Bisiklet Elçileri, Zincir Kıran Kadınlar’ın bel kemiğidir. Çünkü Bisiklet Elçileri dediğimiz kadınlar bisiklet sürmeyi bilen ancak başka kadınlara henüz bisiklete binmeyi öğretmemiş, ya da doğru yöntemsel bilgi ile donatılmamış, özverili ve kadın dayanışmasına inanan kadınlardır. Biz bu kadınları internet üzerinden davet yoluyla çağırıyoruz.
Onlara başka kadınlara nasıl bisiklete binmeyi öğretmeleri gerektiğini, en az temas, en doğru -güven ve cesaret veren- iletişim yöntemleri öğretiyoruz. Bu eğitimi Hollanda Konsolosluğu, GetWomenCycling (NewYork-USA // Kadın Bisiklet Dayanışması Derneği) ve BikeBride (Freiburg-Almanya // Kadın Bisiklet Dayanışması Derneği) desteği ile yapıyoruz. İçerikleri İngilizce ve Almanca aldığımız bu kaynaklardaki bilgileri pratik ve teorik olarak bisiklet elçilerimize öğretiyoruz.
Ayrıca bisiklet tamiri ve bisikletle ilgili teknik bilgilerin yanı sıra bisikletle iş geliştirme modelleri hakkında da (bisiklet kurye, bisiklet ile evde ürettiklerini satma ya da bisikletle çocuklarını okula taşıma gibi) eğitim almalarını sağlıyoruz.
Elçilerimizin 1.grubu Mart-Nisan-Mayıs aylarında, 2.grubu Haziran-Temmuz-Ağustos aylarında, 3.grubu ise Eylül-Ekim-Kasım aylarında 3’er ay eğitim alıyorlar. Kadın Kadına eğitimlerimiz için her grupta 20’şer Bisiklet Elçisi yetiştirerek toplam 60 Bisiklet Elçisi yetiştirmiş oluyoruz. Bu 60 elçinin de eğitimleri sırasında (yani 3 ayda) 6 kadına bisiklet eğitimi vermelerini sağlıyoruz.

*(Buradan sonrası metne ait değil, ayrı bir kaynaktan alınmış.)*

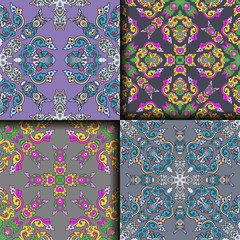 Vector abstract seamless patchwork pattern. Arabic tile texture with geometric and floral ornaments. Decorative elements for textile, book covers, print, gift wrap. Vintage boho style.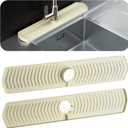 Silicone Kitchen Sink Splash Gaurd, Silicone Faucet splash gaurd, Longer Faucet Mat for Kitchen Sink Water Splash Guard for Kitchen Sink Area, Sink Protectors for kitchen (Beige, 29.9")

Böylece 9 ay sonunda 360 kadına bisiklete binmeyi öğretmiş oluyoruz. Elçilerimiz hem eğitim alıyor hem de eğitim veriyorlar ve ücretsiz, global geçerliliği olan sertifikalar kazanıyorlar. Bisiklet Elçisi olmak için yoğun başvuru talebi alıyoruz. Şu an bu bisiklet elçilerimizin eğitim verdiği her kadın için 100 TL kazanabileceği bir gelir modeli de yaratmaya çalışıyoruz. Bu gelir için de kendimize bağışçı arıyoruz. Eğer bu elçilerimizin para kazanmaları için destek olmak isteyen bir firma olursa seve seve iletişime geçmeyi isteriz. Buradan da duyurmuş olalım.
Bu seneki temanızı #bisikletleyönet olarak seçmenizin nedeni nedir?
Biz 2019 ve 2020 yıllarında bisiklet çalıştayı düzenledik. Çalıştayımızın ismi “Bisiklet Kadınları Çalıştayı” idi. Amacı kadınların bisiklet konusunda bir “kanaat lideri” olduğunu göstermekti. Bizleri bisiklet konusunda sadece güzel formalar giyen “seksi” ama beceriksiz canlılar olarak göstermelerinden sıkıldık çünkü. Çalıştayımızda 2 senedir her sene 10’ar konuşmacı kadın ağırladık. İlk sene kadın-bisiklet ve yol hikâyeleri, ikinci sene kadın-bisiklet ve girişimcilik hikayeleri konularını ele almıştık. Bu sene ise konumuz kadın-bisiklet ve yönetim, sloganımız da “bisikletle yönet” oldu.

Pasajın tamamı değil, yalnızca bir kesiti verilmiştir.